Population figures for the Middle Ages are not available. According to the so-called 1609 Konker Protokolle (Konken Protocols), there were 11 families living in Etschberg in that year, with 48 inhabitants, among them 22 married people, one widow, 22 children, a manservant and two maidservants. Among these families, one man exercised the function of censor, and two men were butchers by trade. There was only one farmer, but there were also one blacksmith, two bricklayers, one coppersmith, one gardener, one shoemaker and one knacker. Thus, even before the Thirty Years' War, agriculture was not pronounced in Etschberg, although it was certain that, through the one farmer that they had, all families worked at farming as a secondary occupation. After the Thirty Years' War, there were newcomers to the village, who came to replace those lost in the war. Nevertheless, there were still only 25 people living in the village by 1675 (27 years after the war had ended). It is worth noting, though, that during the 17th century, 25 families emigrated to various countries. During the great population growth in the 18th century, during which hardly any emigration was recorded, Etschberg grew into one of the biggest villages around Kusel. The industrial village of Rammelsbach was the only one that saw greater growth in its population figures. It must be borne in mind that even as early as the 18th century, only a small share of the inhabitants could earn their livelihood at farming. Etschberg was developing into a workers’ village, and beginning in the 19th century, it was becoming a centre of the Wandermusikantentum, the industry of travelling musicians. This influenced the whole municipality, with the musicians’ urbane manner serving as a model to the farming and working-class youth. In the time before the Second World War, the travelling musician industry came to an end. Today, Etschberg is mainly a community for people who must seek their livelihoods outside the village. Population growth is nowadays not as strong as it was in bygone days, but at least the figures are not shrinking, as they are all too swiftly elsewhere in the district.

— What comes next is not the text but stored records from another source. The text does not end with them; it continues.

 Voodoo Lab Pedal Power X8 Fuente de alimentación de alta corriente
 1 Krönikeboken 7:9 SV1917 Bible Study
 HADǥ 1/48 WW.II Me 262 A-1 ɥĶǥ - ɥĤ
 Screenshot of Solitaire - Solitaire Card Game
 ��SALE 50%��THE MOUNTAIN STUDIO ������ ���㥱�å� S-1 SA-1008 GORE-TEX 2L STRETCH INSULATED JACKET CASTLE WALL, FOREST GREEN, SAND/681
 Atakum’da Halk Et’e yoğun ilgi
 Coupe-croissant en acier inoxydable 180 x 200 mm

The following table shows population development over the centuries for Etschberg, with some figures broken down by religious denomination:[8]

Year 1609 1675 1704 1802 1825 1835 1871 1905 1939 1961 1971 1982 2002
Total 48 25 30 228 349 397 509 517 623 693 651 663 716
Catholic         14         27      
Evangelical         335         665      
Other                 1      

Municipality’s name[edit]

The village’s name is made up of the placename ending —berg (“mountain” in German) with the prefix Etsch—, which stems from an old German verb etzen, a word that meant “eat” (essen in Modern High German), “browse” (äsen) or “feed” (atzen; used when speaking of young birds) among other things, and thus it refers to animals feeding, and the name would mean a meadow or grazing land that lies at a mountain. Etschberg’s 1364 first documentary mention in a Veldenz document rendered the name Etzberg, a spelling that also cropped up in a series of later documents (1460, 1482, 1593). Other names that the village has borne over the ages are Etzberke (1446), Exeberg (1458), Etzburg (1482), Etßberg (1546), Etzschbergk (1619) and Etschberg (1785).[9]

Vanished villages[edit]

The former village of Leidenstall, whose name still appears in the rural cadastral toponym “Leidstaler Hube”, lay to the municipal area’s south, so as to be within Rehweiler’s limits. It was mentioned as early as 1270 as Leudenstall, a name perhaps meaning “Luido’s Farm” (Stall was a word meaning “place”; compare the Modern High German Stelle). The shift from —stall to —tal (as in the cadastral name) came only later. Later names for the place were Laidensthal (1446), Laidsthal (1484) and Leidsthal (1588). The last form comes from Johannes Hofmann’s Beschreibung des Oberamtes Lichtenberg (“Description of the Oberamt of Lichtenberg”). In his time, the village had already been given up; it had supposedly been burnt down one Sunday after all the villagers had gone to church in Kusel. Even then, a building was still standing near the village’s location within Etschberg’s limits, the so-called Huberhaus from which watch was kept over the surrounding forest. Later, a marksmen’s clubhouse stood on the spot.[10]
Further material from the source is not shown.